Post a picture of your fixture when it's setup. Looks nice and has lots of colors


----------



## Unknown crim (Feb 25, 2014)

I got quite few things 

King eds: blue methylene, 6 long fin serpae tetras, and last 4 short fin serpae tetras, 3 red dwarf gouramai's 
Couple plantes, planning to go get more serpae tetras next week

Pet smart: 3 baby bala sharks, 2 redtails, light blue gourami, gold gourami, 2 amazon swords

Rogers aquaric: 1 large anubias plant


----------



## Chronick (Apr 27, 2010)

SeaHorse_Fanatic said:


> Sorry George, probably not till spring/summer. Too cold right now to stand there watching over the satays so they don't overcook. Mostly bbqing lamb, rack of lamb, marinated chicken, sockeye & steaks nowadays.


I don't know you, but your life sounds so damn awesome. Visit king eds all, eating nicely cooked meats. Jeez...


----------



## SeaHorse_Fanatic (Apr 22, 2010)

Chronick said:


> I don't know you, but your life sounds so damn awesome. Visit king eds all, eating nicely cooked meats. Jeez...


Forgot to add: Beautiful wife who's ok with cleaning and laundry if I do 90% of the cooking & grocery shopping, and two wonderful little girls. YUP, life is "so damn awesome". 

Didn't have time to go King Ed's today, but will probably pop in tomorrow since Kathie (one of the owners) requested that I bring her some of my stir fried noodles which she liked so much from the last couple of Boxing Weeks.


----------



## rwong2k10 (Dec 27, 2010)

did someone say they saw silver flying foxes at king ed pets?
were there any left? 

I'll drop by tomorrow in the afternoon to check it out


----------



## clintgv (May 6, 2010)

Where is North American pets? And number? First time I've heard about this store haha


----------



## Unknown crim (Feb 25, 2014)

clintgv said:


> Where is North American pets? And number? First time I've heard about this store haha


2255 Kingsway, Vancouver, BC V5M 2T6
(604) 438-7166


----------



## Momobobo (Sep 28, 2010)

rwong2k10 said:


> did someone say they saw silver flying foxes at king ed pets?
> were there any left?
> 
> I'll drop by tomorrow in the afternoon to check it out


I got them...when I went there (on the 26th mind you) there were still a good amount, at the least a few dozen of them left.

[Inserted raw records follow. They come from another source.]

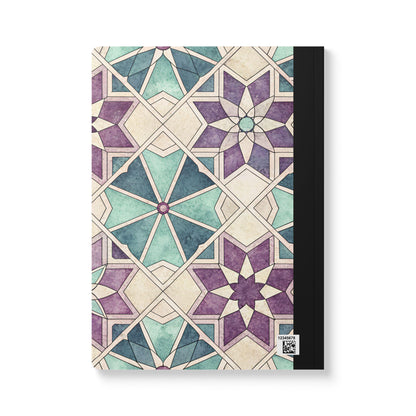 Moroccan Star Composition Notebook | Lilac Teal Ivory Geometric Journal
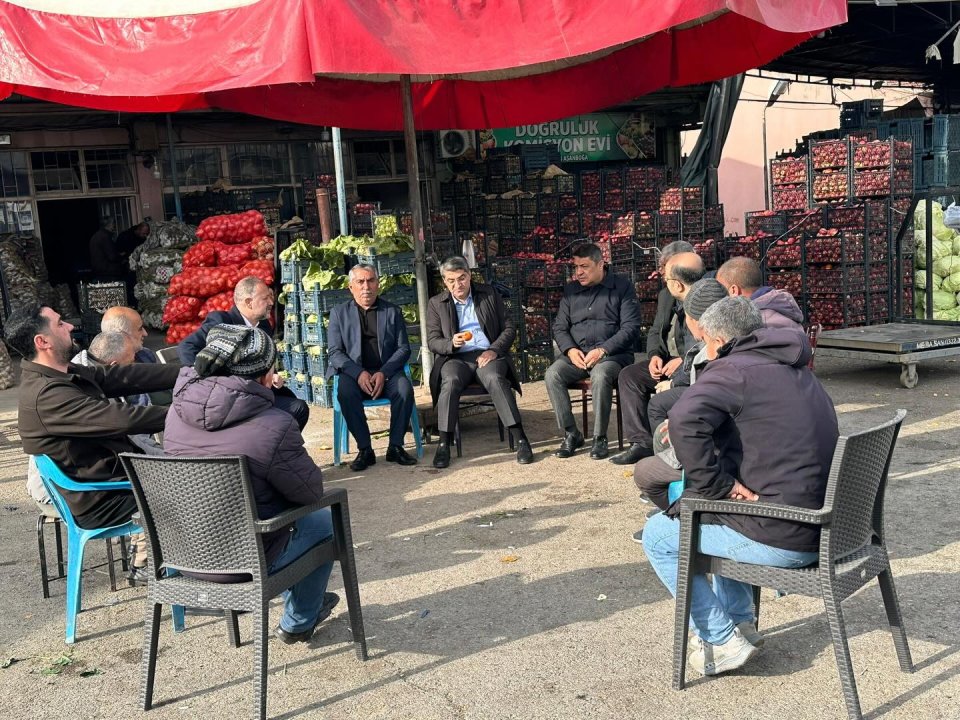 Siirt’te esnaf ziyareti gerçekleştirdik.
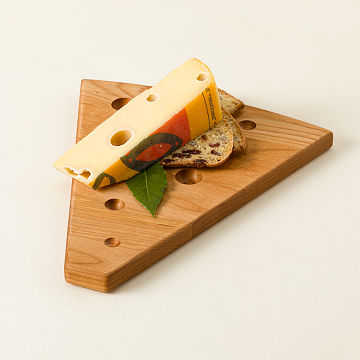 Swiss Cheese Serving Board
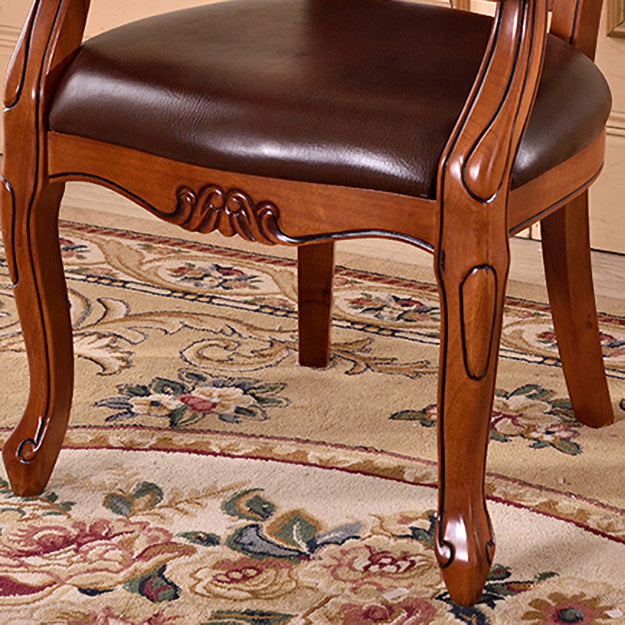 Scandinavian Style Ash Wood Chair Set Kitchen Open Back Dining Arm Chairs Clearhalo ' kitchen&dining_furn' 'Dining Chairs' 'Dining Tables & Seating' 'dining_chair' 'furn' 'furn_dining_chair' 'Furniture' 'furniture_dining_chair' 'Kitchen & Dining Furniture' 'kitchen' 4343343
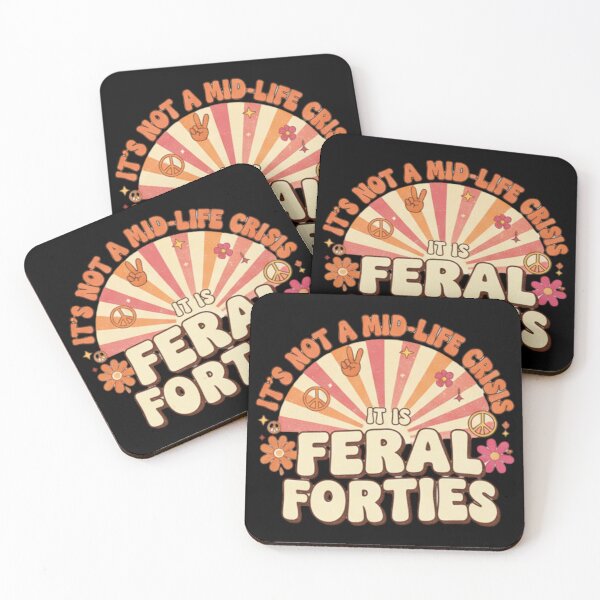 Item preview, Its not a mid life crisis it is feral forties retro funny quote designed and sold by ArtDesignTp.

Quite funny actually. I originally went in a month or so ago and they were $5 each or 5/$20. I was skeptical if they were actually Crosso. Reticulatus because they usually retail for much more and I was not familiar with them, so I took a few pictures and went home to check. They checked out, made the decision to make a trip in the near future to pick some up for my tank.

The next I go in around a week or two later and they went up to $12.99 each! Not blaming them, I actually found it quite funny :lol:


----------



## maximusfish (Sep 2, 2014)

I bought an API water test kit at King Ed's. The next day I was at J & L's and saw the same test kit for half the price (not on sale) and bought it, so I decided to go back to King Ed's to exchange the original kit for some bulbs instead. I didn't mention that I had found it much cheaper elsewhere. The cashier told me that she "forgot" that the test kit was on sale, and did I still want it at half price. Very strange.


----------



## The Guy (Nov 26, 2010)

The Guy said:


> On sale @ Reef Supply ordered a IT 2060 led, Christmas present from my bride.
> 
> Evergrow IT2060 Controllable Full Spectrum LED (24" Light)


So my light is now backordered so I guess a lot of folks wanted the same one when it was on sale. It's all good I'll wait I got a my Coralife lunar to use until it gets here,


----------



## knucklehead (Dec 27, 2013)

Bought flying fox yesterday and placed them in a temporary container to let them acclimatize. Left for a few hours and when I came back, I couldn't find them. Turned out they jumped out as they where a few feet from the bucket. I would have like to get replacements but unfortunately they where the last from King eds...


----------